Two meetings in March of hundreds of women in the industry came up with a number of recommendations that Swag will send to industry bodies. They include trained “sexual harassment reps” on each project to whom workers can take complaints, an industry-wide code of conduct and education enabling people to better identify harassment. “The nasty end is easy to identify, but what about the other, death-by-a-thousand-cuts kind of stuff?”
Slade says women who experience or see harassment happening tend to “just put up with it and try to find ways of managing it and dealing with it. They say, ‘It’s just the way it is.’ What came up a lot is [harassers] saying, ‘Don’t take it so seriously; I was just having a laugh.’
“As New Zealanders, we do tend to joke and laugh. We work in a stressful, intense environment, so you need humour to liven it up. But when people get a bit handsy or make comments that are inappropriate, women don’t want to say anything in case they look like a spoilsport.”
Slade says she’s seen harassment happen, but until now, didn’t know what to do about it. “I thought what I saw were isolated incidents, but the more I’ve got involved with the group, the more I realise it wasn’t isolated. It’s happened before and more than once. And the horror of realising that … that’s disturbing. Now if I saw something I would totally call it out.”
Slade says she’s heard of allegations in the New Zealand screen industry that “are too sensitive to discuss and in the process of being dealt with. Actors have to be vulnerable to produce the best performances, and anyone who is junior is vulnerable. Perpetrators can spot someone vulnerable a mile off.”
At one Swag meeting, a woman asked if she should “name and shame” a perpetrator. Slade says a rape prevention adviser replied that she should think about her own safety before making that decision. “Are there going to be repercussions? Are you going to be trawled through the media and be given a really hard time?
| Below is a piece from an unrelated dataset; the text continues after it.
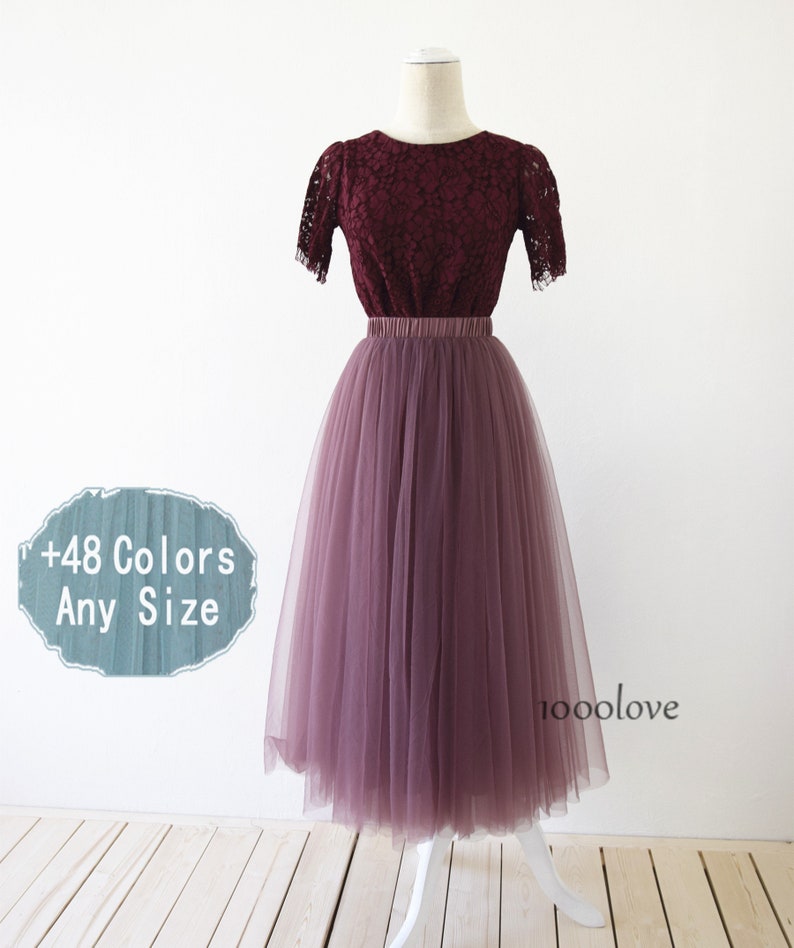 Softest tulle skirt,Mauve adult tutu ,custom size tulle bridesmaid's gown, photo shoot tulle skirt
You can get so angry you just want to let it out, but before that, you need a community around to support you.”
She says the #MeToo movement has made everyone think twice about their behaviour. “That’s not necessarily a bad thing. If you’ve been doing something inappropriate, you have to suffer the consequences. It makes everybody think twice about what they’re doing and that’s terrific.”
In March, 450 women in the industry responded to a Swag survey on harassment. One in three said they had experienced it, and two in three said they had either experienced or witnessed it. Slade says the results are disturbing compared with rape prevention education statistics suggesting one in five women has experienced harassment.
She suspects there are men in the New Zealand screen industry who have a Weinstein-like reputation. “I do think they’ll be afraid, because they would have seen this rolling out overseas. A lot of people have lost their jobs because of this behaviour, and it’s happening in New Zealand and in other industries. It’s like a tidal wave. Watch out: it’s coming.”